Memasukkan Pensil (atau Paku) ke Botol

Dari namanya saja, lomba ini terdengar begitu mudah. Apa sih susahnya memasukkan paku ke botol? Nah, coba bayangkan bagaimana kalau paku itu diikatkan pada seutas tali, terus talinya diikatkan ke perut sehingga si paku menggantung melewati (maaf) bokong, lalu dimasukkan tanpa bantuan tangan ke mulut botol yang menganga. Masih berpikir lomba ini gampang?

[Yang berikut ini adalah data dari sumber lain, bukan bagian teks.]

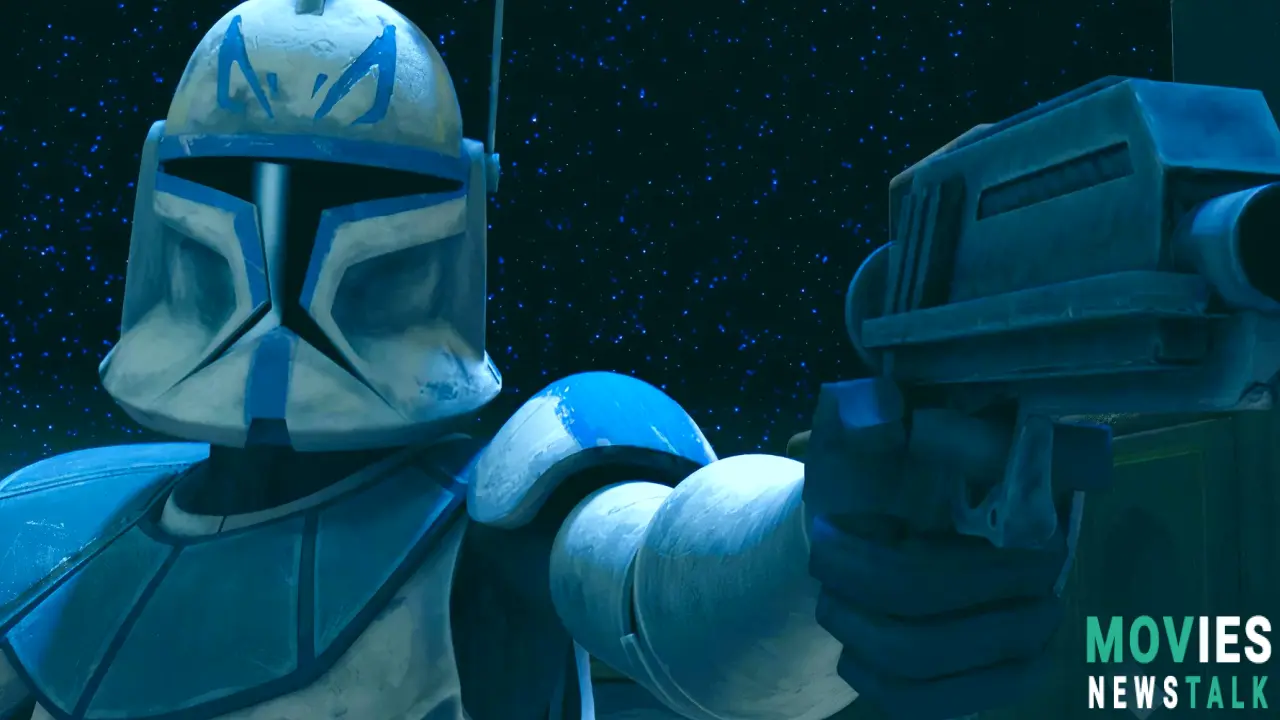 Captain Rex: Clone Wars Hero to Rebel Alliance Fighter - Star Wars Legacy Main Image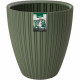 Plant pot Garden ID Fancy Green Polyethylene 40 x 42 cm
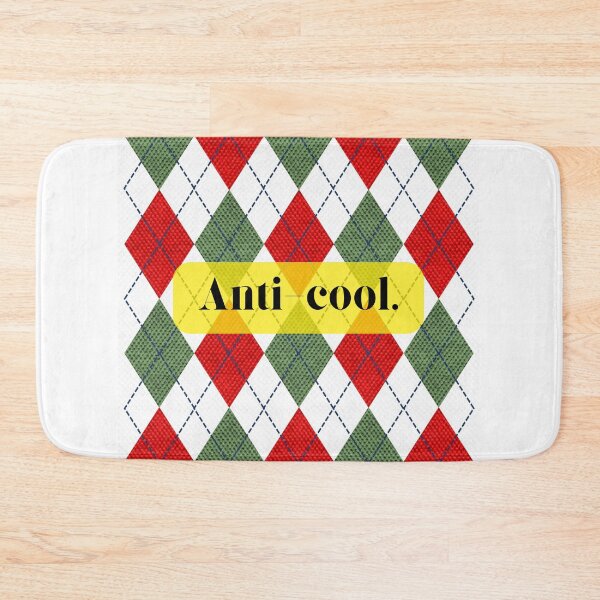Item preview, Anti-Cool | Grandpacore Ugly Sweater designed and sold by AnAwkwardOtter.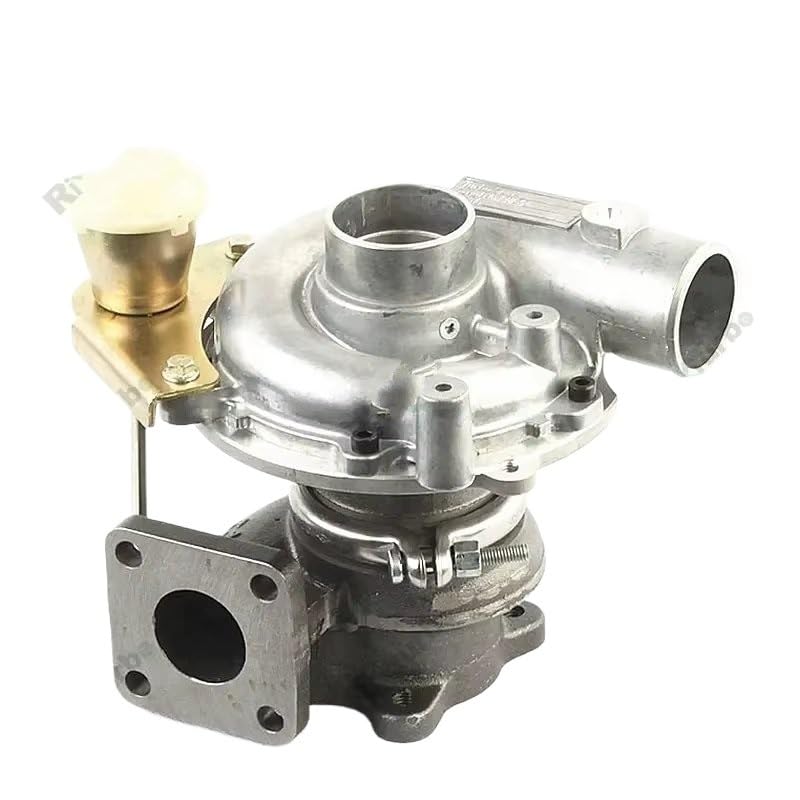 Turbocompressore Compatibile Con Isuzu Per D-MAX 2004 2005 2006 2007 2008 Turbocompressore Per Autoveicoli Kit Completo 8972402101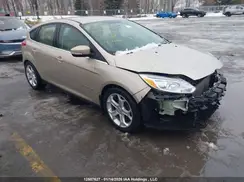 1FADP3R49JL305748 2018 FORD FOCUS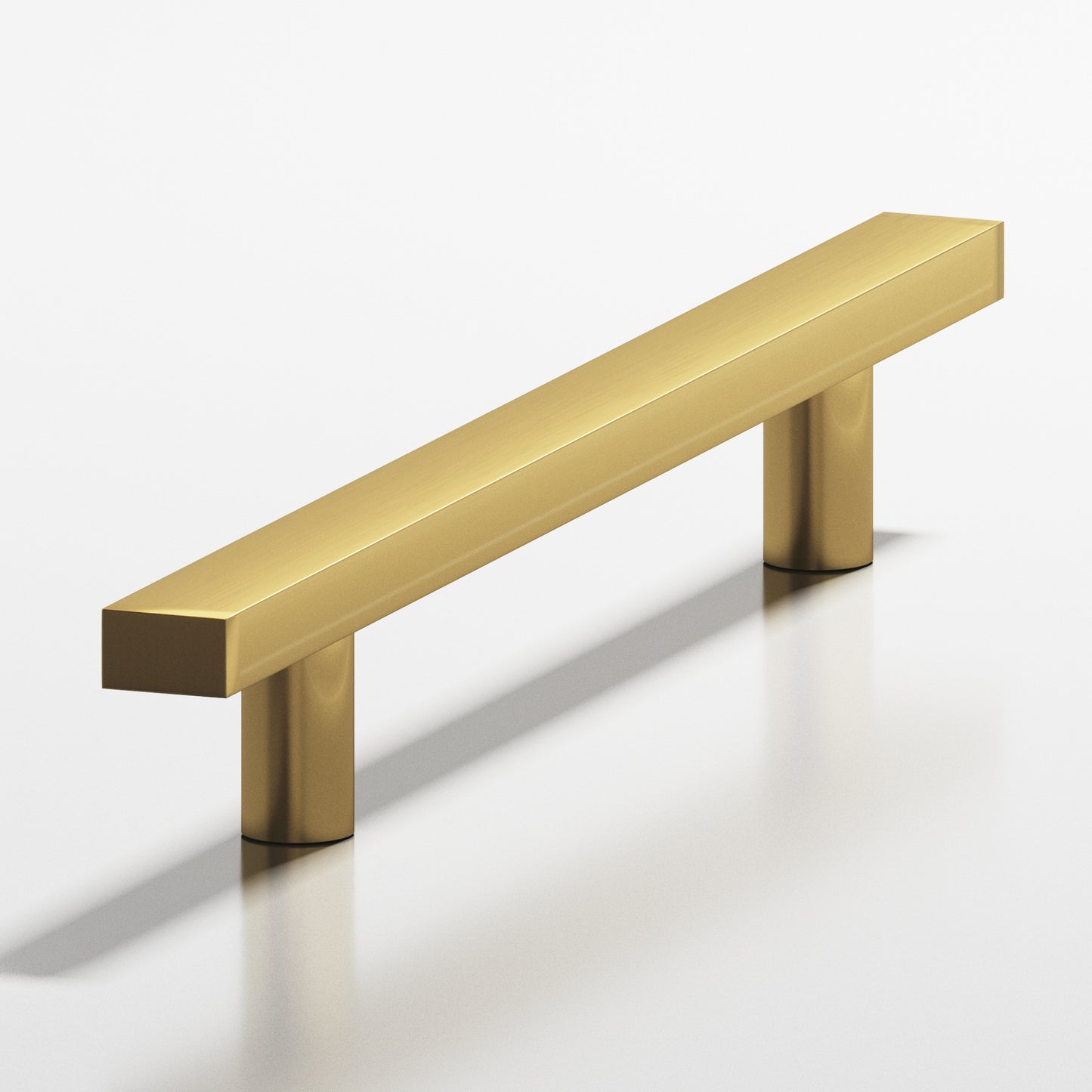 Colonial Bronze Cabinet Pull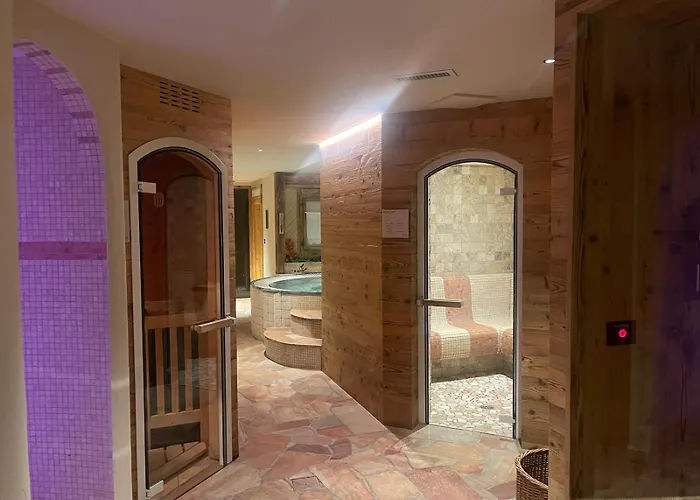 Romantic Charming Hotel Rancolin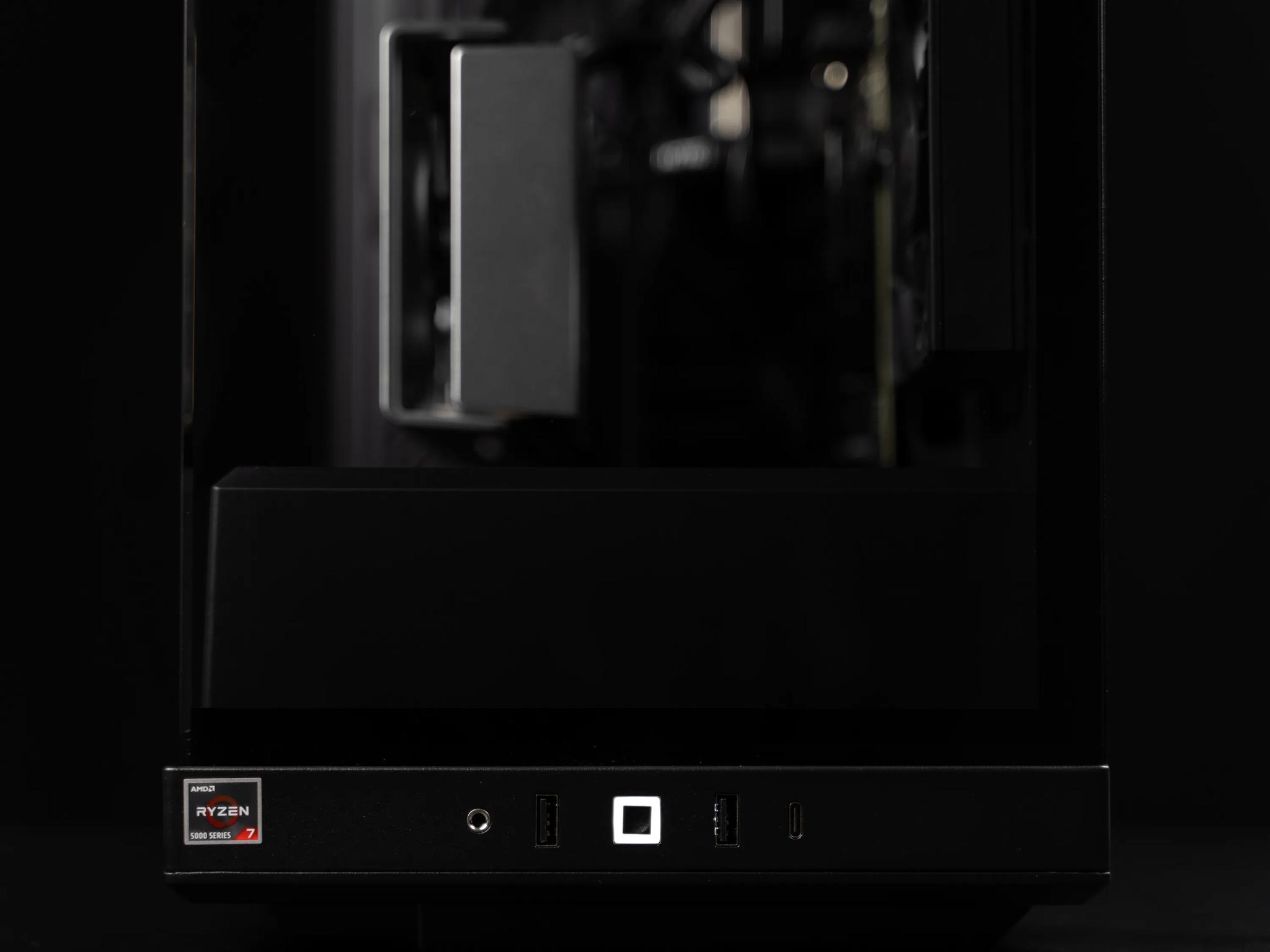 “DeuxDarc-F” RX 7800 XT Ryzen 7 32GB Windows 11 Pro 2TB Gaming PC Powerhouse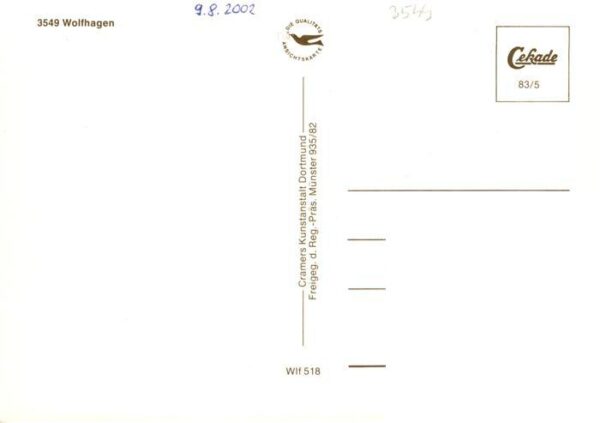 Wolfhagen Fliegeraufnahme – Bild 2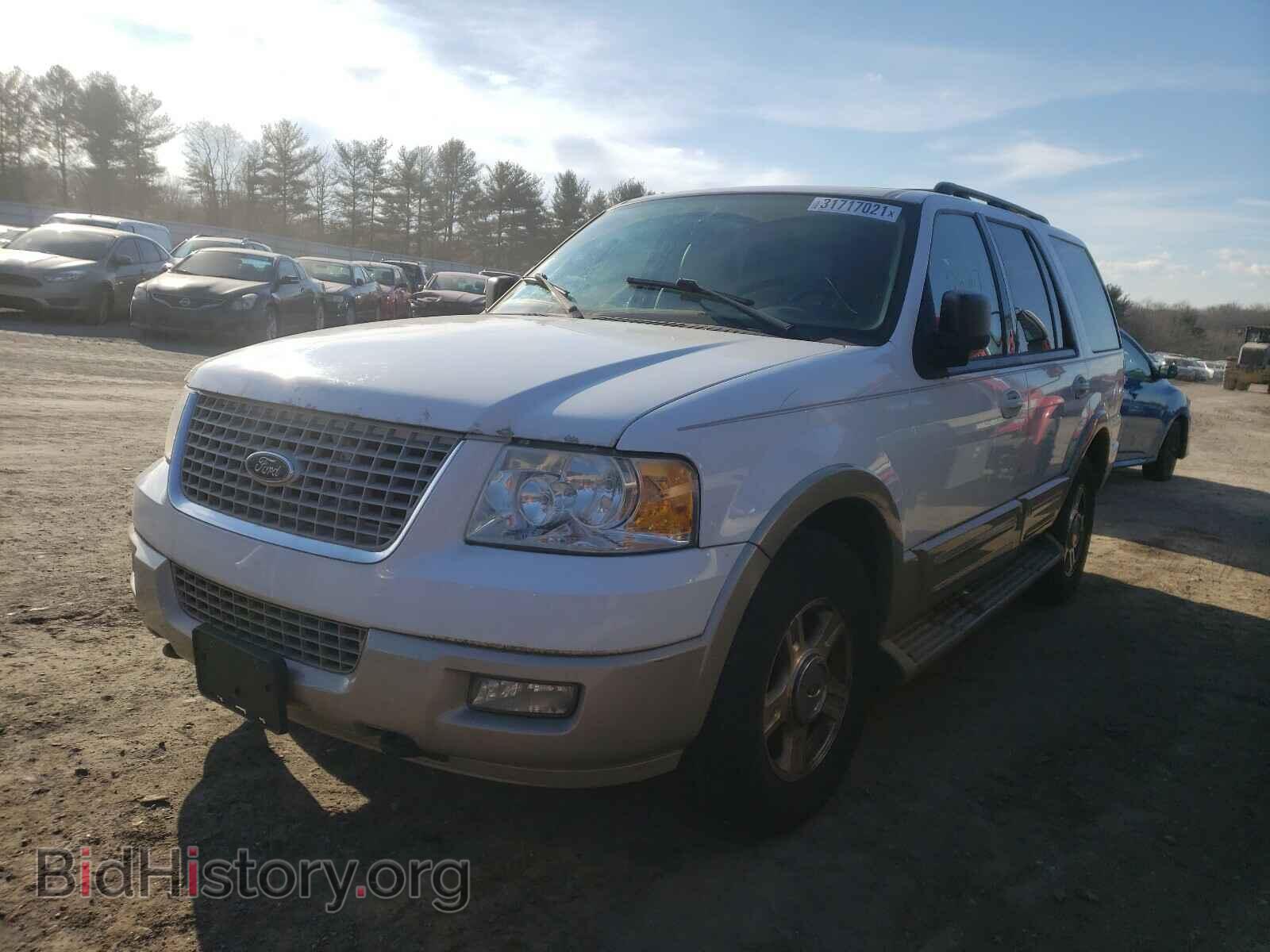 2006 FORD EXPEDITION - VIN: 1FMFU18596LA43386 - Фото 2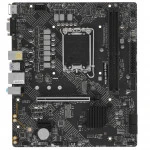 Материнская плата MSI PRO H610M-B Micro-ATX, LGA 1700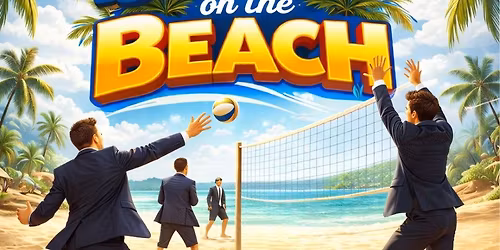 Business on the Beach: Coed 4s Volleyball Tournament at 785 Dive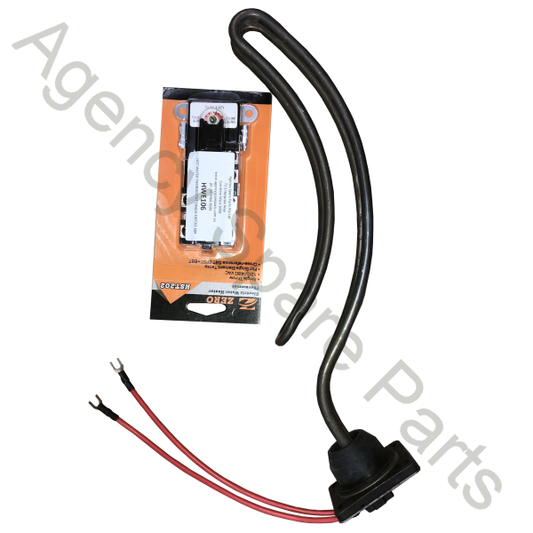 4.8KW BOLT ON INCOLOY ELEMENT WITH THERMOSTAT INCLUDED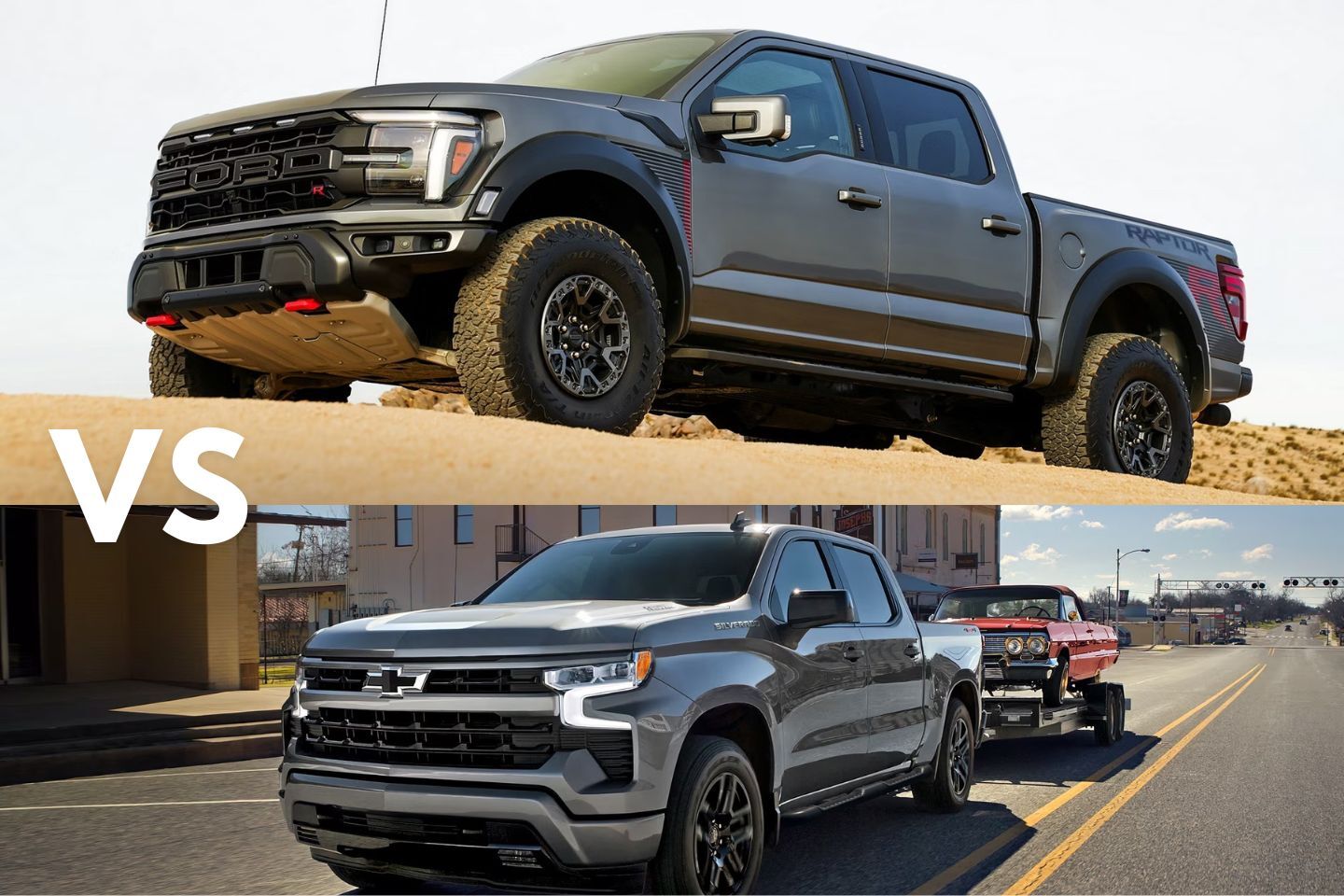 2026 Ford F-150 Pro Power Onboard compared to competing trucks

Kalau ditilik, lomba ini memiliki pesan moral yang hampir sama dengan lomba makan kerupuk: belajarlah hidup prihatin. Seperti kita tahu, pada zaman (sebelum sampai) kemerdekaan, keberadaan kloset duduk bisa dihitung dengan jari (atau mungkin malah nggak ada). Orang-orang dulu biasa buang air di jamban berupa lubang di lantai atau bilik bambu di atas kolam kian (mereka jijik nggak ya kalau tahu ikan emas yang mereka makan tuh ternyata makan “kotoran” mereka?).

Karena itulah, lomba itu sengaja dirancang agar orang-orang masa kini mengerti bagaimana rasanya menggunakan kloset jongkok sekaligus melatih mereka agar menemukan posisi yang bagus untuk jongkok dan (maaf) BAB. Sebuah majalah kesehatan pria bahkan mengetengahkan gerakan itu sebagai cara ampuh mengetes kekuatan paha. Tentu saja, mereka tidak menganjurkan kita untuk mengikatkan paku ke perut seperti saat lomba. (:P)

Sebenarnya sih ada lagi lomba-lomba lainnya, namun aku terlalu malas untuk mengulasnya di sini (dasar orang Indonesia). Satu hal yang bisa kutarik dari ulasan ini adalah orang Indonesia suka sekali mempersulit sesuatu. (:P)

Hehe, nggak ding. Piss ah... dan MERDEKA!